The defendant’s actions were so malicious that he even forced the flight attendant to make an emergency landing. Depending on the verdict, I fear that there will be more copycats in the future. He needs to be thoroughly rehabilitated in prison.
At the trial held on October 26, 2010 at the Osaka District Court, the prosecution argued that the defendant should be sentenced to four years in prison.
Okuno was charged with obstruction of business and injury for refusing to wear a mask on board a Peach Aviation flight and causing an emergency landing after a dispute with the flight crew. The incident occurred in September 2008. The incident occurred on a flight from Kushiro Airport in Hokkaido to Kansai International Airport in Osaka.
The flight crew repeatedly asked Okuno to wear a mask, but he stubbornly refused. When a nearby passenger said, ‘I feel sick,’ Okuno became even more agitated. He started screaming, “I’m insulted, apologize! He grabbed the arm of a crew member who tried to calm him down and injured him.
The captain decided that the safety of the passengers could not be ensured, and made an emergency landing at Niigata Airport en route. Okuno was dropped off at Niigata Airport, but the flight was delayed for an hour and a half. More than 100 passengers were affected. Perhaps unconvinced, Okuno called himself “Mask-Refusing Uncle” after the incident, and refuted the incident on his blog and elsewhere, calling it an “irrational coercion to wear a mask.

A video taken by a passenger was quickly uploaded to the Internet.
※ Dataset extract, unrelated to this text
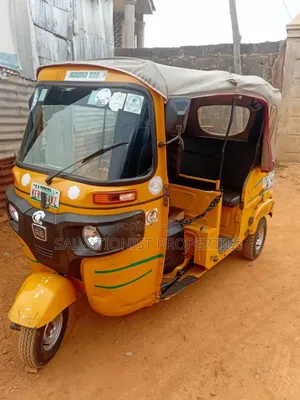 Bajaj RE 2020 Orange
The video shows Okuno being escorted off the plane and the passengers applauding.
Okuno is a brilliant student who went on to graduate from the University of Tokyo and then to the graduate school of the same university. At the time of the incident, he was working at a private university in the Kanto region. However, due to a problem on the plane, the university where he worked terminated his contract with Okuno. He was arrested in January ’21.
The “Peach Aviation” incident was not the only incident in which Okuno was involved. In April 2009, he was arrested for obstruction of public service. He tried to enter a restaurant in Tateyama City, Chiba Prefecture, without wearing a mask, was refused entry, and got into an argument with the waitress, and is suspected of punching a police officer in his 30s in the face when he called 110.
At his first trial in May 2010, Okuno said, “Is it really right to avoid and exclude people just because they are not wearing a mask? Later in court, he also testified.
I am not guilty. I am very proud that I did not wear a mask on the plane. I have nothing to be ashamed of.
This verdict is like a medieval witch-hunt trial!
Okuno is said to be considering an appeal against the ruling by the appeals court as well as the first instance court.